From: HP-France,ex2 ("SANCHEZ-MONGE,ANTONIO)
Date: Wed Feb 25 2004 - 13:06:52 GMT-3
Hi Michael,
-> Won't max-reserved-bandwidth 100 be a good default command to use with
MQC interfaces?
Reserving 100% of the total bandwidth may starve the router generated
traffic and break routing protocols and other essential management traffic.
That's why it is 75% by default and not 100%.
Cheers,
Ato.
-----Original Message-----
From: Michael Snyder [mailto:msnyder@revolutioncomputer.com]
Sent: miircoles, 25 de febrero de 2004 16:52
To: ccielab@groupstudy.com
Cc: alsontra@hotmail.com
Subject: RE: MQC for bandwidth reservation (max-reserved-bandwidth 100)
Well, if you are using more that 75% of the bandwidth value (per the show
int cmd) then you need to up the upper limit.
R8(config-if)#max-reserved-bandwidth 100
Which brings up a question,
Won't max-reserved-bandwidth 100 be a good default command to use with MQC
interfaces?
-----Original Message-----
From: alsontra@hotmail.com [mailto:alsontra@hotmail.com]
Sent: Wednesday, February 25, 2004 11:08 AM
To: SANCHEZ-MONGE,ANTONIO (HP-France,ex2); ccielab@groupstudy.com
Subject: Re: MQC for bandwidth reservation
Thank you Ato.
My question was more in regards of whether or not you have to specify the
command when reserving bandwidth.
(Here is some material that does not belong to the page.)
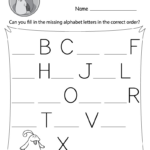 Missing Letter Worksheets (Free Printables)   Doozy Moo Regarding Free Printable Kindergarten Alphabet Worksheets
I've seen MQC configurations with and
without the interface level bandwidth command. I think your saying that I
only need to specify bandwidth if the reference bandwidth is different than
the interface bandwidth.
Thanks
Alsontra
----- Original Message -----
From: "SANCHEZ-MONGE,ANTONIO (HP-France,ex2)" <antonio.sanchez-monge@hp.com>
To: <alsontra@hotmail.com>; <ccielab@groupstudy.com>
Sent: Wednesday, February 25, 2004 2:29 AM
Subject: RE: MQC for bandwidth reservation
Hi Alsontra,
Both bandwidth commands have very different meanings.
Under the interface, it means the total reference bandwidth. Used for QoS
but also for routing protocols, etc... Normally you need to change it in
serial interfaces where the real bandwidth is different from T1, etc...
Under the class in a policy map, it is the bandwidth you want to reserve for
a particular class. The total reserved bandwidth cannot exceed by default
75% of the reference bandwidth.
Cheers,
Ato.
-----Original Message-----
From: nobody@groupstudy.com [mailto:nobody@groupstudy.com] On Behalf Of
alsontra@hotmail.com
Sent: miircoles, 25 de febrero de 2004 11:01
To: ccielab@groupstudy.com
Subject: MQC for bandwidth reservation
When is the interface level bandwidth command used or needed with MQC?
For example:
class-map match-all ICMP
match access-group 101
policy-map ICMP_BW
class ICMP
bandwidth 128
interface fa1/0/0
bandwidth 1500 <-----------------------------When does this need to be
specified?
service-policy output ICMP_BW
If I don't specify this, what value dose the interface policy use? The
interface bandwidth rate? And if so why would I want to change it?